The final charging scheme consisted of two cordons at which a charge would be levied for vehicles travelling inbound, towards the city centre. There would be an outer cordon around the edge of the built-up area of Edinburgh, just inside the outer city bypass, and an inner cordon around the centre of the city, broadly encompassing the World Heritage Site 

The  outer  cordon  would  operate  between  7am  and  10am  only;  the  inner between 7am and 7pm, Mondays to Fridays in both cases.

The charge was to be £2 (€2.40), levied no more than once per day on any single vehicle.  If  a  vehicle  were  to  cross  both  cordons,  or  to  cross  either cordon  a  number  of  times  during  the  day,  the  charge  would  still  only  be applied once that day. In this sense, the scheme resembles an entry permit scheme.

 

Public opinion was always a key concern. The around 19,000  consultation responses  received in the 1999 consultation showed high  levels  of  support  (62%)  shown  for  the  strategic  option  including  the concept of congestion charging. In addition to the public consultation, there was also extensive consultation with stakeholders.

The  conclusions  drawn  from  the  consultation  and  an  initial  technical  appraisal were  that  congestion  charging  was  feasible,  would  reduce  traffic  levels,  could generate substantial revenue for transport investment and would have no or very limited adverse economic impact if the charge was set at an appropriate level. In addition, there was a high degree of acceptance provided that the overall package was right.
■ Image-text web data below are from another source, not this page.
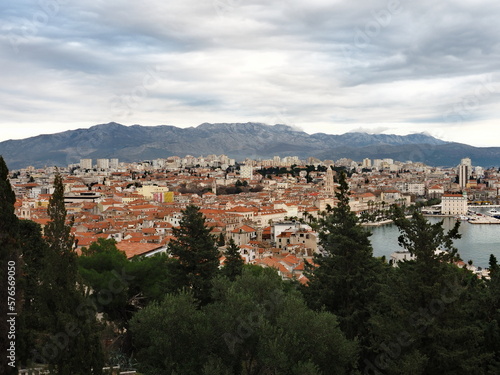 La ciudad de Split desde la altura, Croacia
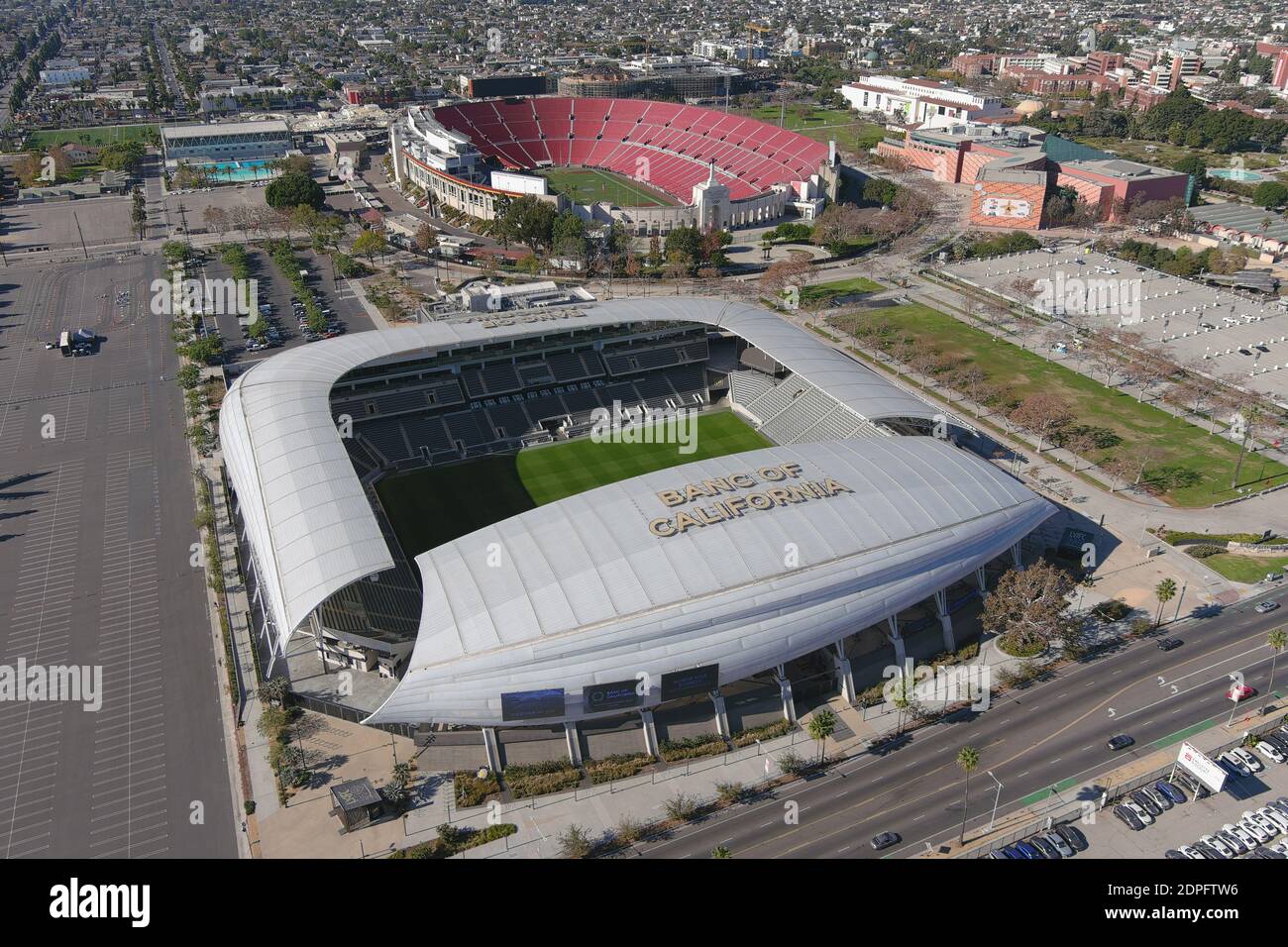 A general view of Banc of California Stadium and the Los Angeles Memorial Coliseum, Saturday, Dec. 19, 2020, in Los Angeles. The stadium is the home o Stock Photo
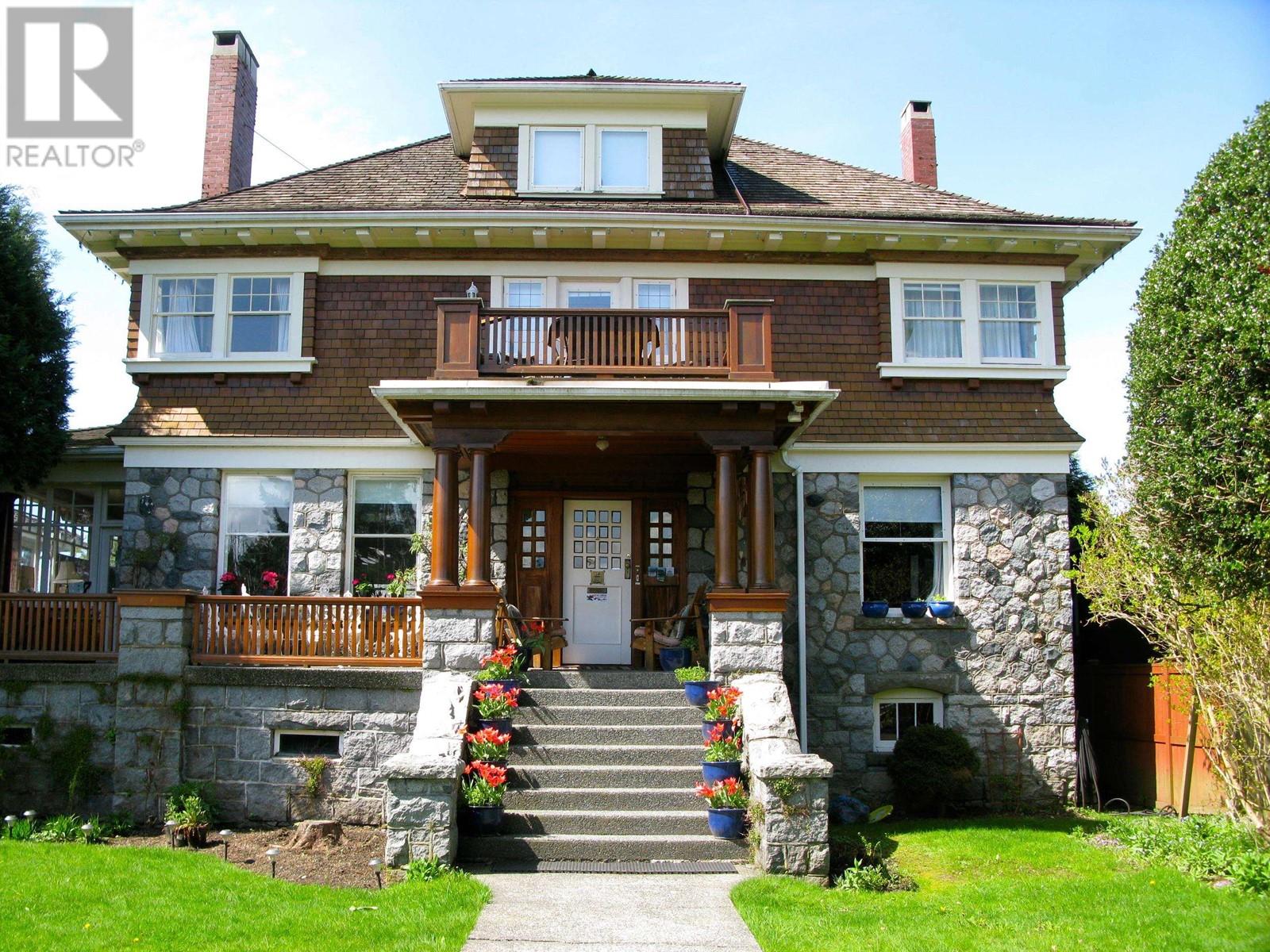 Property at 1617 W GRAND BOULEVARD image 1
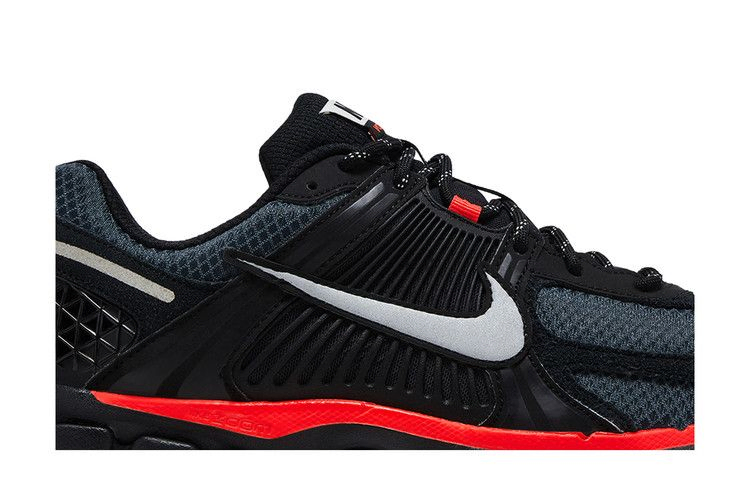 air-zoom-vomero-5-black-metallic-university-red-hv2527-002_01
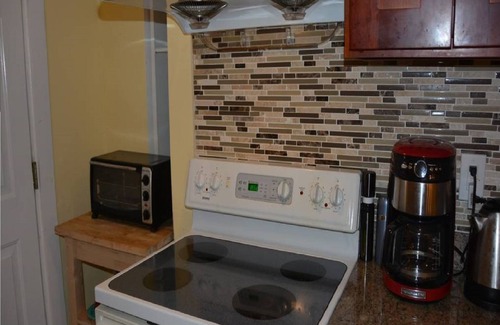 Winchester Apartamento | Dormir hasta 4 invitados nuevo apartamento. 10 minutos a Boston fácil a la I-93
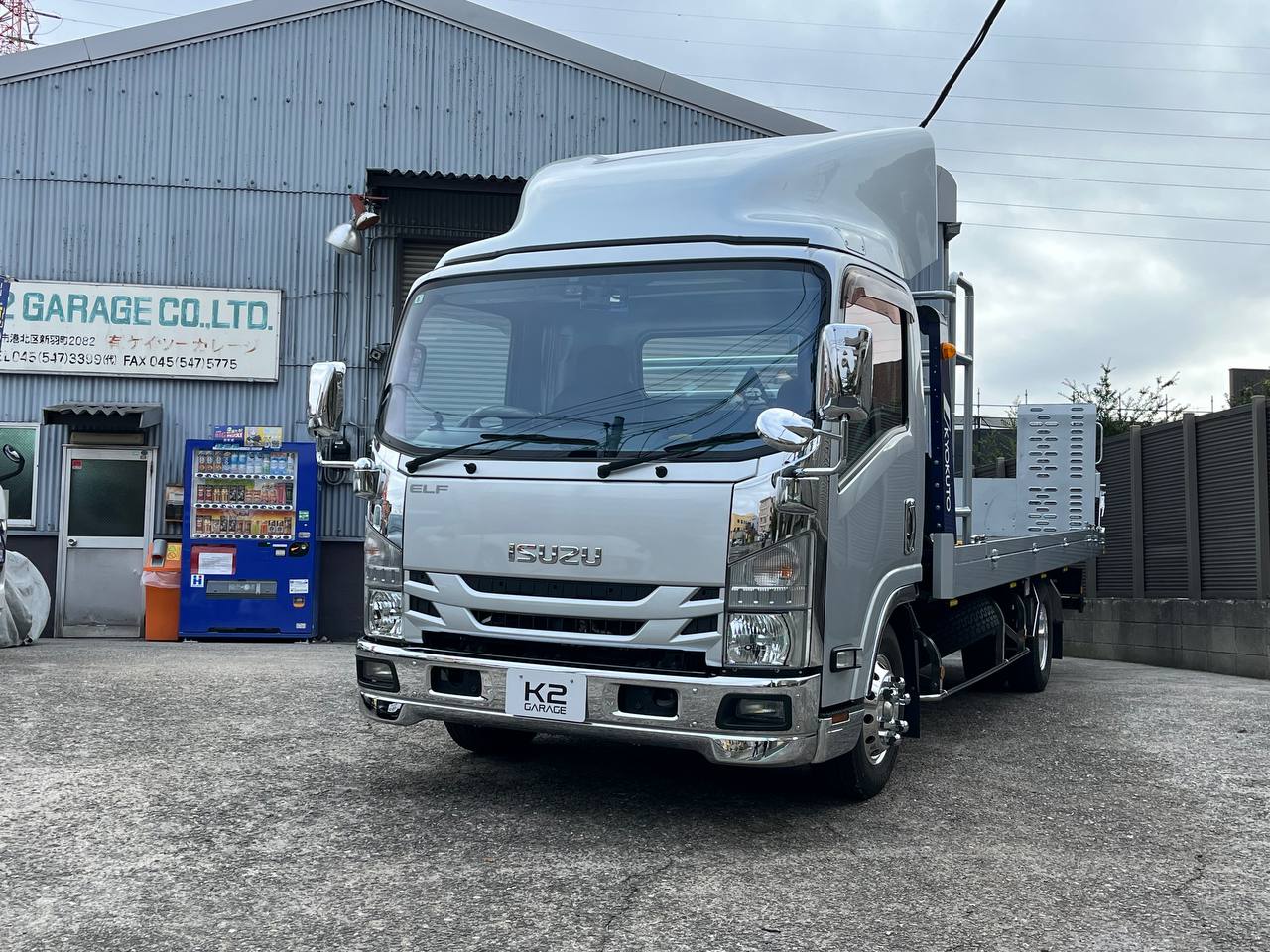 エルフ 2t セーフティーローダー 外観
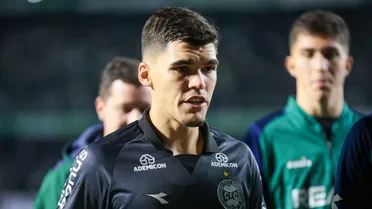 Destaque do Coritiba desabafa após expulsão e tropeço em casa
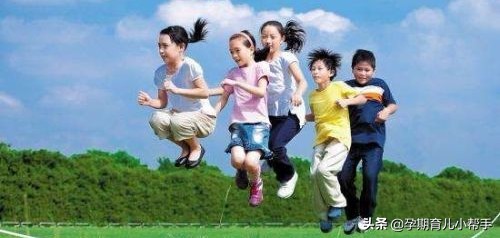 出现这几个迹象说明孩子要长高了,男孩长高猛涨期过后还能再长多少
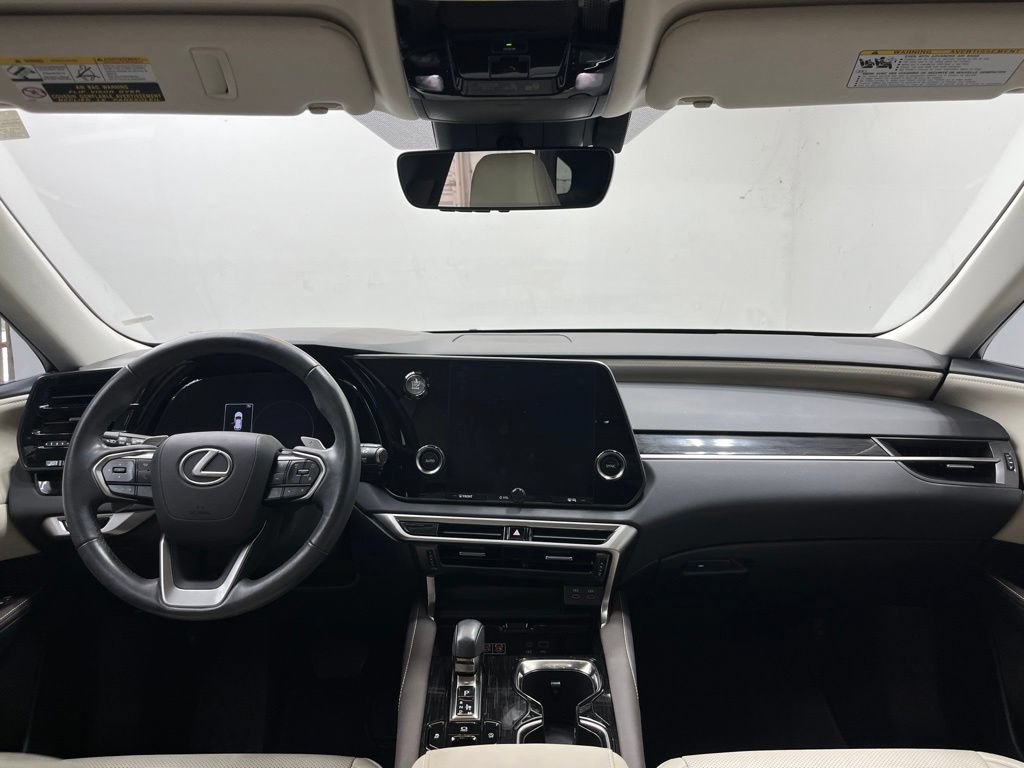 Used 2024 Lexus RX 350 FWD w/ Technology Package image 18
In 2002 it was decided that a referendum would be taken before implementing a congestion charge. In 2003 there was a market research study undertaken, where there was a less positive outcome on how people were likely to vote on a referendum. Unfortunately the timing of the referendum was when the public opinion on charging was particularly low. The  public  inquiry  of  2004  did  not  identify  any  significant  barriers  to  the implementation of the scheme.